Amore e altre Dipendenze Senza Droga

BRAIN STORMING NELLA CITTÁ PROVVISORIA
Siamo in otto credo. Intorno ad un tavolo ovale. La città provvisoria, questa volta, è una collezione incredibile di quadri.
Appoggiato per terra una rappresentazione de Il Volto Santo, che non riesco a smettere di fotografare con il cellulare. Maleducatamente, ma qui si può.
Io parlo quasi esclusivamente di Paolo Sorrentino. A tratti di Lynch. A volte non ci ricordiamo i titoli di alcuni film meno noti, ma molto importanti.
Sono sfatto dal ritmo e dagli eventi degli ultimi venti giorni, ma non sopporto di non ricordare i titoli di film, in cui è stata detta almeno una cosa interessante.

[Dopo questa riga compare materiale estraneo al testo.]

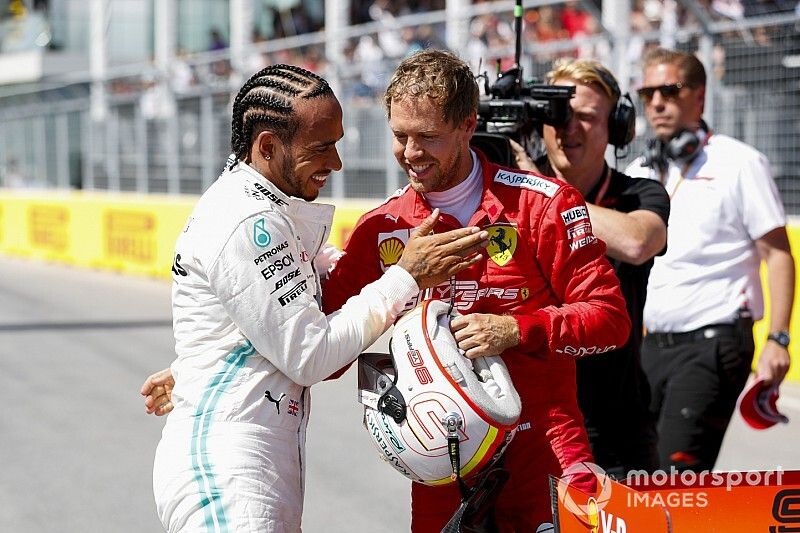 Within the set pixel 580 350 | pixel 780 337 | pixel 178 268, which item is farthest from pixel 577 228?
pixel 780 337

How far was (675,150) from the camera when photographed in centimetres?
507

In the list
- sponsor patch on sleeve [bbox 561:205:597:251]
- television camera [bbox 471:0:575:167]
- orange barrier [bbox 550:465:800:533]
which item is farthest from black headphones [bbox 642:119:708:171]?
orange barrier [bbox 550:465:800:533]

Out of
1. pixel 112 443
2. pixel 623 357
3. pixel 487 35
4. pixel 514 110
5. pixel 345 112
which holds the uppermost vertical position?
pixel 487 35

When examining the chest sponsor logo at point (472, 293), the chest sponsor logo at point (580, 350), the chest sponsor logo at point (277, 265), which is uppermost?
the chest sponsor logo at point (277, 265)

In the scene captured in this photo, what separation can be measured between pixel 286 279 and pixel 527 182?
2.43ft

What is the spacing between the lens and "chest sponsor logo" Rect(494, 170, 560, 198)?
3189 mm

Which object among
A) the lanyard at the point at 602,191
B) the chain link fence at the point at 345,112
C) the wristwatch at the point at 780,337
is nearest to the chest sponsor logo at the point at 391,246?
the lanyard at the point at 602,191

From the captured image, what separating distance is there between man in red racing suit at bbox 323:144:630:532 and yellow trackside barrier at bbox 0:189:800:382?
1081 centimetres

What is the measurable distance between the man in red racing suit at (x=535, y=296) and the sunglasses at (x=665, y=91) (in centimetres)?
202

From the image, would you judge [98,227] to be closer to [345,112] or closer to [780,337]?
[345,112]

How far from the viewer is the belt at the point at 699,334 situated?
501 centimetres

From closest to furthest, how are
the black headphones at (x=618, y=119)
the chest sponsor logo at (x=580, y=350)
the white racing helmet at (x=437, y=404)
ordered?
A: the white racing helmet at (x=437, y=404) → the chest sponsor logo at (x=580, y=350) → the black headphones at (x=618, y=119)

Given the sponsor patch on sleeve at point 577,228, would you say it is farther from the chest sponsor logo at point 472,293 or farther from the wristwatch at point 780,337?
the wristwatch at point 780,337

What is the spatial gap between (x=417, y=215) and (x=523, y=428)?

I miei due interlocutori, uno alla mia destra e uno alla mia sinistra, parlano di cinema da prospettive diverse, ma convergenti. Mi piace.

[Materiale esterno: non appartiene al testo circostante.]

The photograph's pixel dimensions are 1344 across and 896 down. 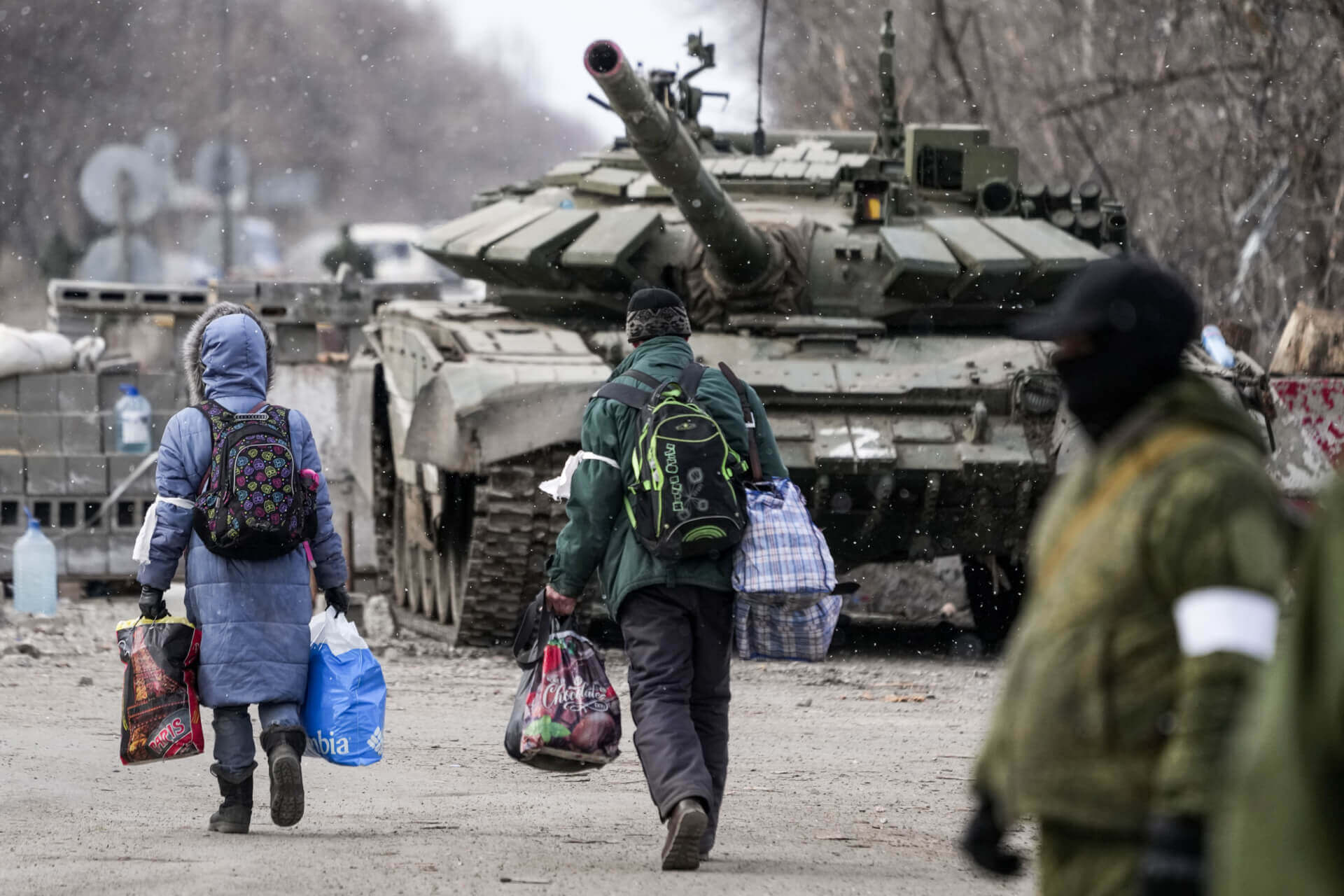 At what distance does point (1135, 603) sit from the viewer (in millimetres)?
2734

Da lontano mi arrivano le conversazioni degli altri. Tutte interessanti e ironiche. Mi piace. Non avrei mai creduto.
Dietro di me Il Volto Santo. É lui “L’uomo in più”.

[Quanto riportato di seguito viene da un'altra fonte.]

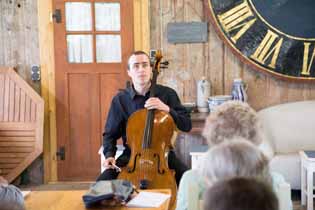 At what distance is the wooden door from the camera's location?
4.22 meters

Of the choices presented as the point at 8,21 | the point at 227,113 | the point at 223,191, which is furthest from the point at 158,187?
the point at 8,21

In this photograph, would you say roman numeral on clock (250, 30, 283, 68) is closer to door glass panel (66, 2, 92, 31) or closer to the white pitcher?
the white pitcher

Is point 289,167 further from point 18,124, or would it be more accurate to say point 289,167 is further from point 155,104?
point 18,124

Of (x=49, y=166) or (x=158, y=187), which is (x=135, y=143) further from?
(x=49, y=166)

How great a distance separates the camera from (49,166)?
14.5 ft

Le solite divergenze, non approfondite su “La Grande Bellezza”.
Le solite convergenze, approfondite, su “Le Conseguenze dell’Amore”.
Il taccuino con i fogli gialli su cui Toni Servillo scrive: “Programmi per il futuro: non sottovalutare le conseguenze dell’Amore”. Lui le ha già ampiamente sottovalutate mentre le scrive. É come un epitaffio di un uomo che ha già ceduto alla confusione tra amore, istinto e risposta a provocazioni a sfondo sessuale.
Mentre parliamo, io ormai sono Toni Servillo, proprio quando scrive sul foglio – Progetti per il futuro: non sottovalutare le conseguenze dell’amore –.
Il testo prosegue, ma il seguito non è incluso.